Friday, May 22, 2009

Opt-out-- simplifying LBM options handling P2

In the previous post, I laid out my plans for simplifying option handling in the Python wrapper I'm creating for 29West's LBM low-latency messaging product. I laid out three goals in that post: to hide option data type details when possible, to provide assistance in actually using the options, and finally to minimize the number of entry points involved to actually get/set options. In that post I introduced the use of Pyrex as the tool I selected to help generate the C extension code for Python, and as a aid in talking about Pyrex's use I showed the definition of the basic classes that will hold option values.

This post will focus on the second goal, namely providing assistance in selecting the proper option value class and in general providing support for navigating through the wide-variety of options available to use with LBM objects.

While LBM defines a large number of options (184 uniquely named options in the version that I'm using), the reality is that only a subset of these apply depending on the kind of transport you select and the kind of objects you create.

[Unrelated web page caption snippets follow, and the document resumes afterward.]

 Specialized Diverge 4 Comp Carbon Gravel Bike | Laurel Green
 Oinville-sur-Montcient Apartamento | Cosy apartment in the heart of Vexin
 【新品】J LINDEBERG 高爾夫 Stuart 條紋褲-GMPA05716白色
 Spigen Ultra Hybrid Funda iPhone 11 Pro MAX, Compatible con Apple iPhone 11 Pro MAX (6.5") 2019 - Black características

The object that the option applies to is the “scope” of the option. Options may apply to more than one object, and hence may be in more than one scope.

However, even though the number of relevant options is significantly reduced once you make these choices, weeding out the options you care about from those you don't is a laborious process involving combing through the documentation. And then you still need to select the correct data types to use when dealing with the options.

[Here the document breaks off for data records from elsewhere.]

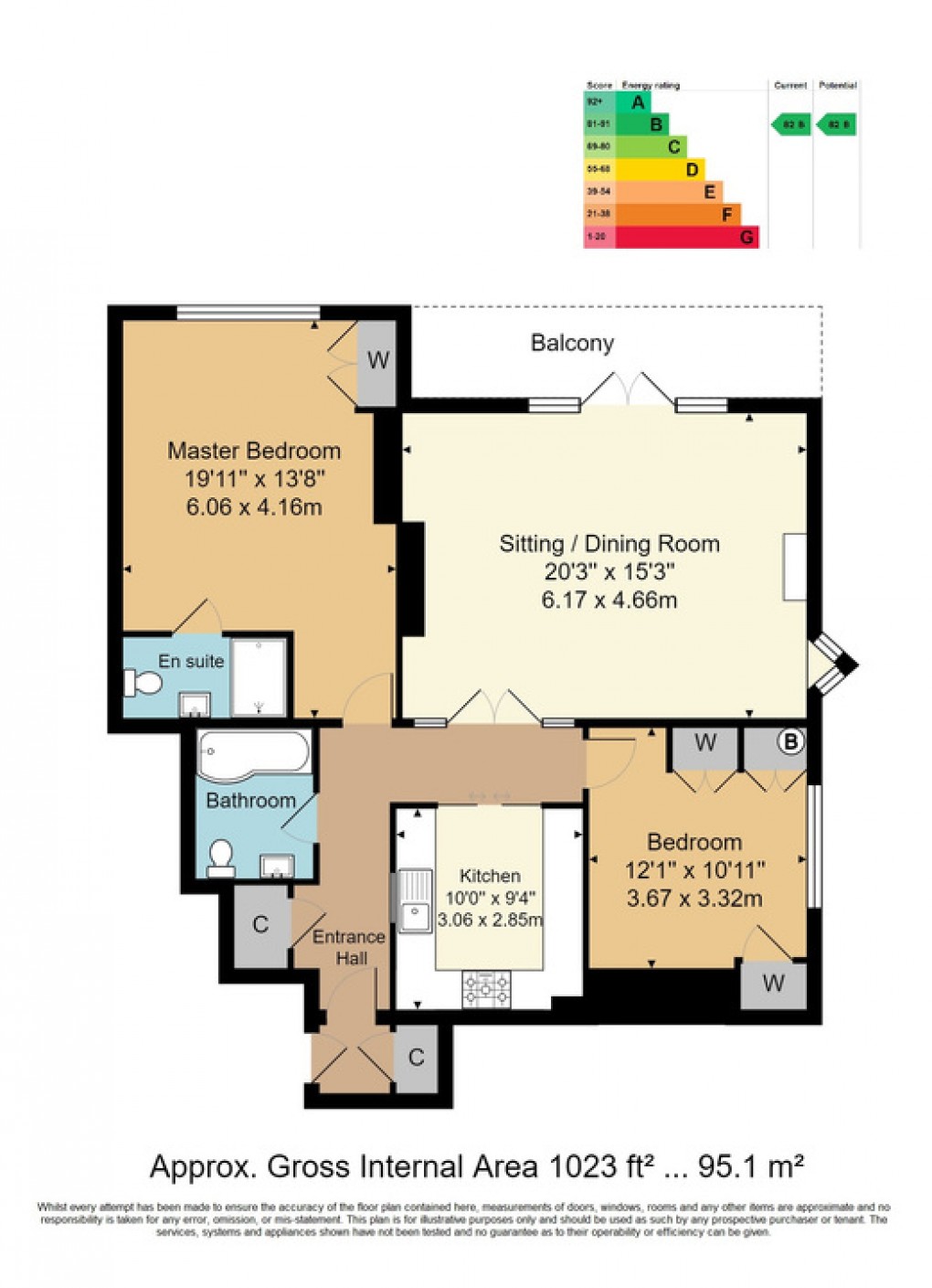 Floorplan for Pembury Road, Tunbridge Wells, Kent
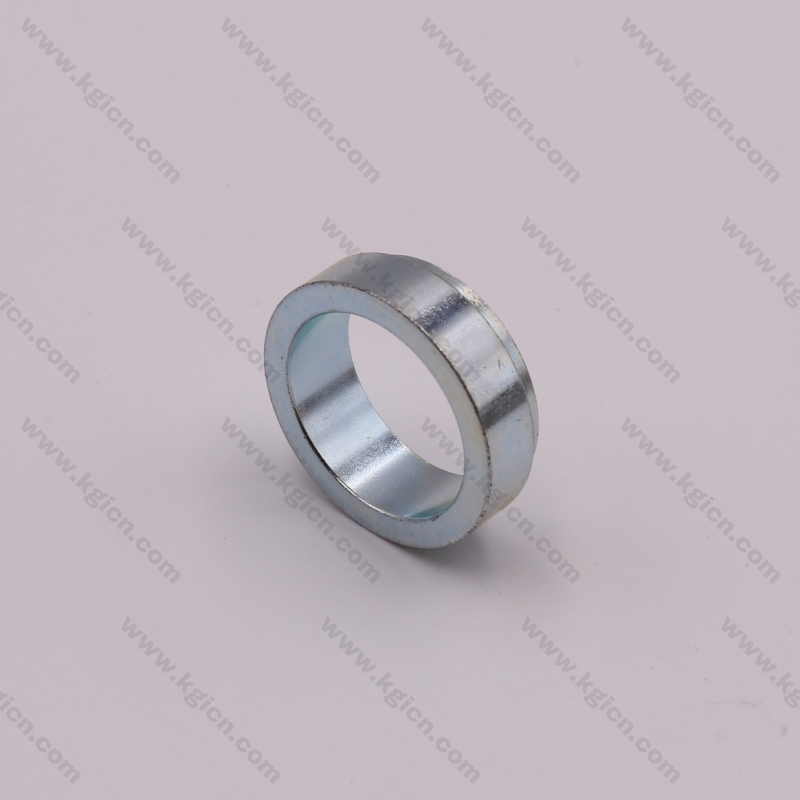 CNC Machined Stainless steel trim cover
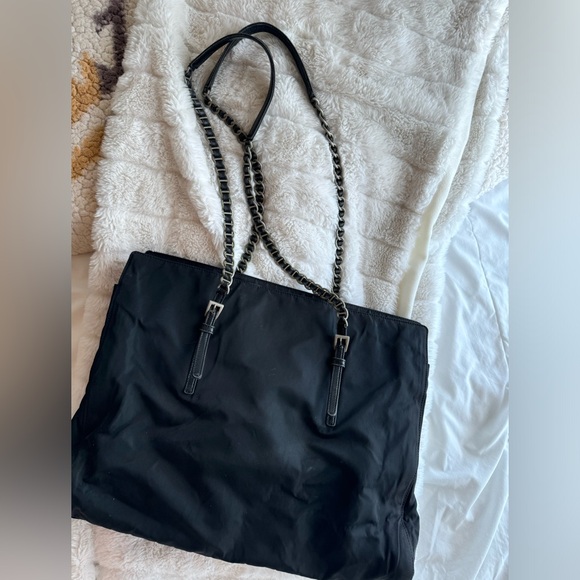 🖤 Vintage PRADA Shoulder Book Work / School Bag 🖤 - Picture 7 of 9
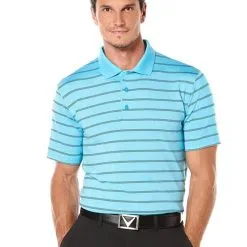 Callaway Ventilated Stripe Polo - Previous Season Style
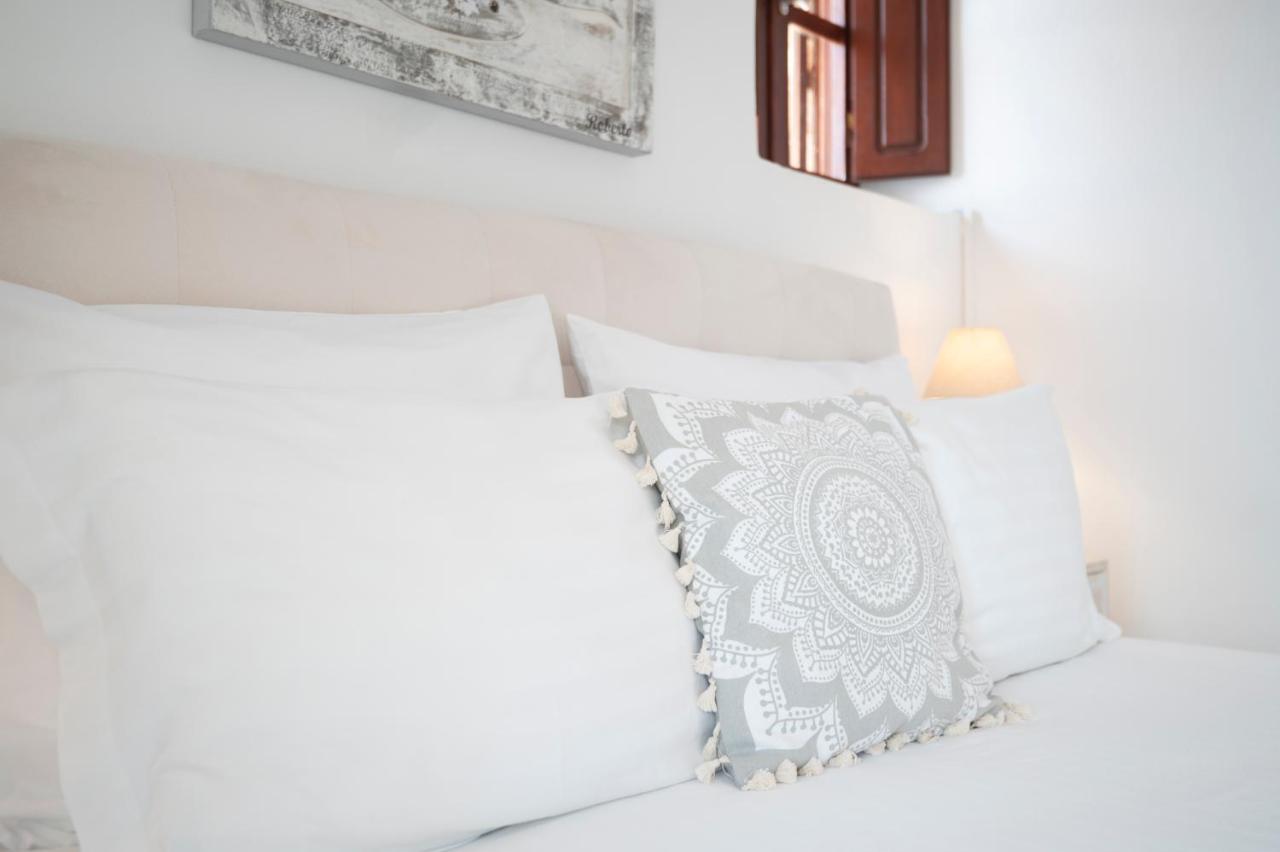 Estate 1896 Aparthotel Pyrgos Kallistis Ruang foto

Another issue that rubs me a bit the wrong way with the LBM option API is that all options are identified by a string name. There are no symbolic #defines for these names, so even in C you don't know that you have a typo until run time. I suppose I have no business griping about this kind of thing since I'm doing Python, but I still think we can raise the bar a bit in this space to help users avoid late discovery of typos.

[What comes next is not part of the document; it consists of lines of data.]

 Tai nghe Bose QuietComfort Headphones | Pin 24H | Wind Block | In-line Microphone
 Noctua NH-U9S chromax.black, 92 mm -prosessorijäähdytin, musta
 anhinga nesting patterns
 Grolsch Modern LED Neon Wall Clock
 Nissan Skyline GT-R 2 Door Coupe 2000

I'm guessing here that the simplest version of the solution is pretty obvious: establish a dictionary somewhere whose keys are option name strings and whose values are the appropriate subclasses of Option; something like this:

def getOptionObj(key):
"""
Return an option object suitable for containing the kind
of data required for the named option
"""
if isinstance(key, OptObjectKey):
optName = key.optName
else:
raise OptionException("unknown key type:%s" % str(type(key)))
optClass = _optionNameKeyToOptionClassMap.get(key)
if optClass:
inst = optClass(optName)
else:
inst = None
return inst
It's a reasonable start; it addresses one of the key goals, namely to hide the details of the specific data types needed when setting options. You of course still need to know if the data values are integers, floats, strings, etc, but specific types are no longer important. What's still missing is help sorting out which options apply to which LBM objects, and providing a means to catch option name typos earlier.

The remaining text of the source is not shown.